Bizi yetiştirenler, hakikati, adaleti, hakkı, hukuku, vicdanı, edepli olmayı en önemlisi insanlığı öğreterek büyüttüler. Peki ne oldu bize ? Ne zaman kaybettik bu hasletleri..? İnsan, insana güvenmez mi. ? Herhalde güvenmiyor ki, Söze başlarken bir şey söyleyeceğim ama aramızda kalsın, söylemiyeceğine yemin et.
Kime ne için, nasıl güveneceğiz? Hakikati aramak için çıktığımız yolda yolu kaybettik, yoldan çıktık kendimizi kaybettik.Hakikati görememizden dolayı ne yazık ki gerçek, aynı tadı vermiyor. Zaafa düştük. Ölümü sevmedik, Hatta Ölümü hatırlatan şeylerden uzak durduk.
Bundan sonra ise; Sevdiğimiz, dünya oldu. Mal, mülk oldu. Ve sevgimiz içinde ise makam ayrı bir yer aldı. Makam öncesi mütevazi olan kişi ve kişiler. Makamda ise kibirli kişiler oldular. Ya kardeşim sen dün ne güzel insandın, bugün ne oldu sana dediğimiz insanlar yok mu..? Ne oldu bize ki, dünkü halimizi kaybettik. ? Gerçeği neden bırakıp, yansımalarla uğraşarak kendimizi kaybettik..
Peki bizi yanıltan şey nedir..? Yaptığımız günahlar mı..? Neden Hakikate kapatıyoruz gözlerimizi. ? Bu konuda hep bir düşünelim nerde sorun var. ? Sorun nerde mi. ?
Biz, birbirimize olan muhabbeti kardeşliğimizi, samimiyetimizi kaybettik. Ama, Dünya'ya olan muhabbet devam etti.

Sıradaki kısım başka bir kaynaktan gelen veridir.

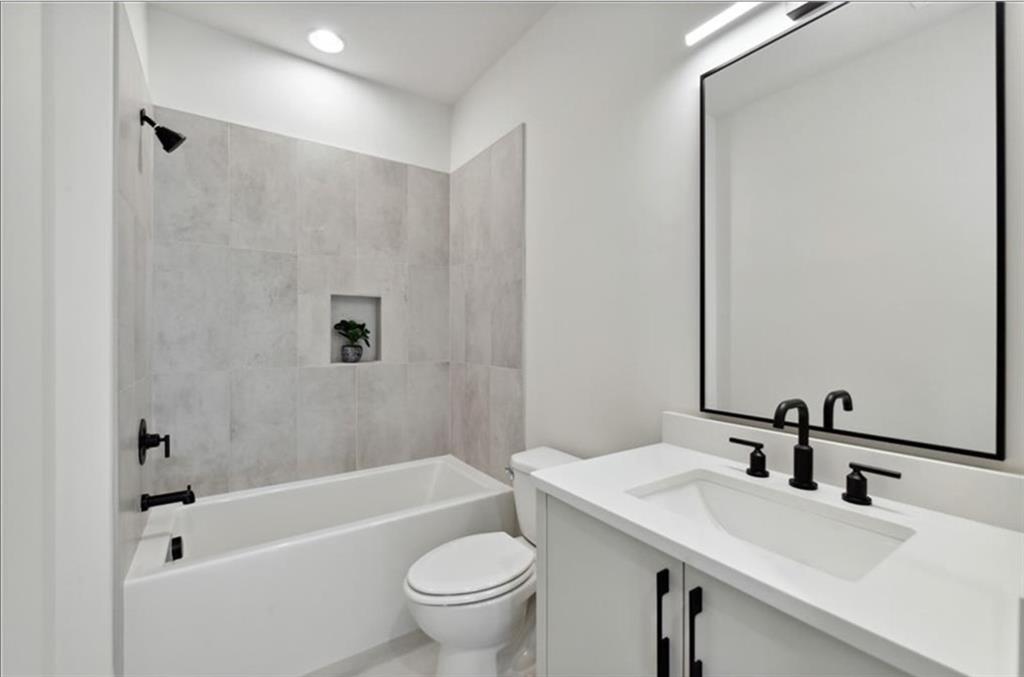 536 Highland Avenue Northeast, Unit B Atlanta, GA 30312 - Photo 28 of 62 a bathroom with a sink and a mirror
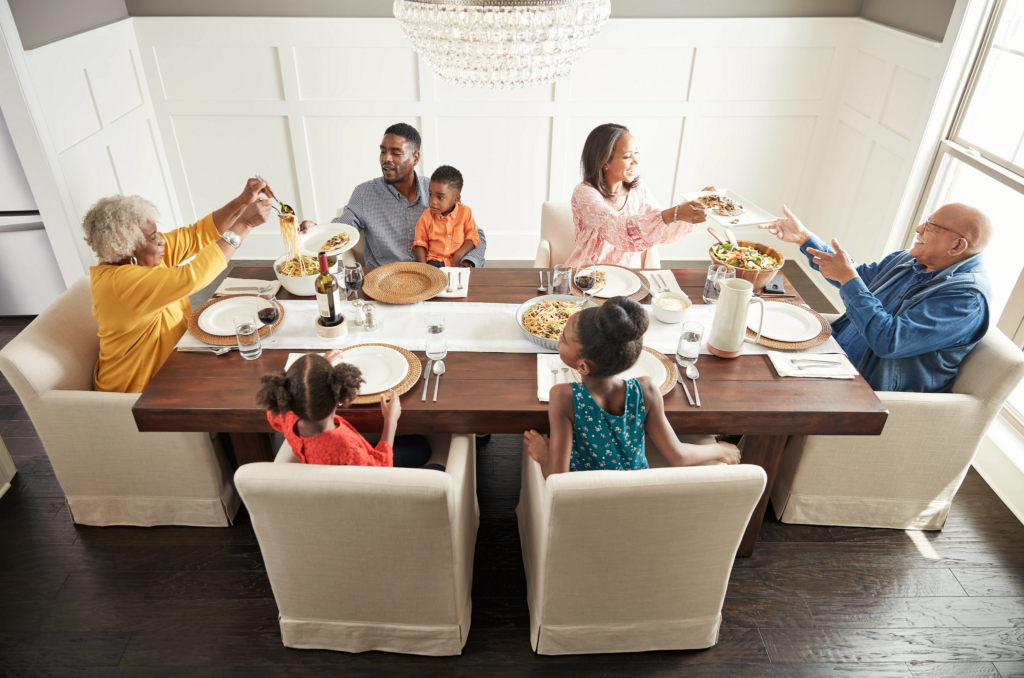 Happy family enjoying break fast | Hauptman Floor Covering Co Inc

Bu konuda Cenabı Mevla buyuruyor ki, ”Allah’a ve ahiret gününe (hesap gününe) iman edenler ya hayır (hakikat) konuşsun yahut sükut etsin (hakikati dinlesin) ” diyor .
Peygamber Efendimiz (sav) ise Allah, Müminin sükutuna bile tefekkür etmesi şeklinde bir hakikat payı bırakmıştır. Bizler ise kelamda bile hakikati kaybettik…
Sezai Karakoç ise biz, işte kaybettiğimiz bu hakikatin peşindeyiz.” Cüneyd-i Bağdadi der ki; "Çölde bir ağacın altında bir gence rastladım. Ona `burada niçin oturursun` ? dedim. O da: `Burada bir hâl kaybettim` dedi. Onu terk edip, hacca gittim. Hacdan döndüğümde, bir de ne göreyim?
Genç, o ağaca yakın bir yere geçmiş. Ona `burada oturmana sebep nedir` ? dedim. Aradığım hâli bu yerde buldum ve burada kaldım` dedi.” Cüneyd-i Bağdadi şöyle devam eder: “Bu iki halden hangisi, kaybettiği haline sarılması mı? Yoksa muradına kavuştuğu yere sarılması mı?daha şereflidir, bilmiyorum.”
“Cüneyd`i Bagdadi’nin dediği gibi biz de bilmiyoruz. O ağacın altında mı beklemeliyiz, yerimizi mi değiştirmeliyiz, bilmiyoruz. Bir yanımız diyor ki; Kaybettiğimiz hâlimizi o ağacın altında kaybettik. Sadakatle beklememiz lazım. Bekleyelim, doğruya bu yakışır.
Diğer yanımız itiraz ediyor: Kaybettiğimiz hâlimizi o ağacın altında kaybettik. Artık burada durmamamız lazım. Bereket gitti buradan, nasip burada kesildi. Ne alındıysa buradayken alındı. Ne kaybettiysek burada olduğumuz için kaybettik. Gidelim, akıllıya bu yakışır.”